Aim of the exercise
Exact reproduction required: the lines below from the line with "Trinity, Adoptable, Adult" to the line with "Jorunna spazzola thumbnail", both ends included, and no others.
Source data Start Marker
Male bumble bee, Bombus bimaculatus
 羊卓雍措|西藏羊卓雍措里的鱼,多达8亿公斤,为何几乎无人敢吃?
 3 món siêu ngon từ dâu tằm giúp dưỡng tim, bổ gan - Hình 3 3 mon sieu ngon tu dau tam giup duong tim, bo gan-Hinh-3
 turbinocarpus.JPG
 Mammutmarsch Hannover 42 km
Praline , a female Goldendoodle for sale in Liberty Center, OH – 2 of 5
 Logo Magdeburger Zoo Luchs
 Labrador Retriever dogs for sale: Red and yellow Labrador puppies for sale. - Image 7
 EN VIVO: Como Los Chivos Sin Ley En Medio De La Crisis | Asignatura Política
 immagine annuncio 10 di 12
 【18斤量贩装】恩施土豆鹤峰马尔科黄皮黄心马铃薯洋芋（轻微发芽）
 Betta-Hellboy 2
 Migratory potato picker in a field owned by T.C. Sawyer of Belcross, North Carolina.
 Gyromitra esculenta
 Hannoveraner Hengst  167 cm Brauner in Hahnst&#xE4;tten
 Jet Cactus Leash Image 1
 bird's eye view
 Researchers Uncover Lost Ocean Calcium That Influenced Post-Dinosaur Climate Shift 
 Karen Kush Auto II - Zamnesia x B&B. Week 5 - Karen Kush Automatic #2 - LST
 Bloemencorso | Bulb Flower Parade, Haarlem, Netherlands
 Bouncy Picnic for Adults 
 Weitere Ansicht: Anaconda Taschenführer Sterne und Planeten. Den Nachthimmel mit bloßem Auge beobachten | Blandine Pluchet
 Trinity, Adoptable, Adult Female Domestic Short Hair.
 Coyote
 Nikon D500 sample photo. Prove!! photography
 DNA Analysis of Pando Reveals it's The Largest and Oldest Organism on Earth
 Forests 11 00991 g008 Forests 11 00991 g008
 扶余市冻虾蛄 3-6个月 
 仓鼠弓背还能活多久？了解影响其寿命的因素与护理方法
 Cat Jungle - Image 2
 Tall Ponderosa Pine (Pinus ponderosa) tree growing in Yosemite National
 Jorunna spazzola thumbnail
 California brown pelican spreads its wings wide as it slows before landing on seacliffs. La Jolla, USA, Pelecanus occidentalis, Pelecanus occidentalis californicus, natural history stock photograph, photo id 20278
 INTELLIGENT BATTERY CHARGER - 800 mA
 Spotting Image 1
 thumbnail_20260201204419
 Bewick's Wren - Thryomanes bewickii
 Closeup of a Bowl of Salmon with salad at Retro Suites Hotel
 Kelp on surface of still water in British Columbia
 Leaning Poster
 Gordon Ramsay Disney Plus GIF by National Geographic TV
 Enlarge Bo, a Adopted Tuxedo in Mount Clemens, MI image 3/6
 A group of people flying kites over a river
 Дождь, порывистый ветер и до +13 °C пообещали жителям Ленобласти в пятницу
Source data End Marker
Written solution
 Trinity, Adoptable, Adult Female Domestic Short Hair.
 Coyote
 Nikon D500 sample photo. Prove!! photography
 DNA Analysis of Pando Reveals it's The Largest and Oldest Organism on Earth
 Forests 11 00991 g008 Forests 11 00991 g008
 扶余市冻虾蛄 3-6个月 
 仓鼠弓背还能活多久？了解影响其寿命的因素与护理方法
 Cat Jungle - Image 2
 Tall Ponderosa Pine (Pinus ponderosa) tree growing in Yosemite National
 Jorunna spazzola thumbnail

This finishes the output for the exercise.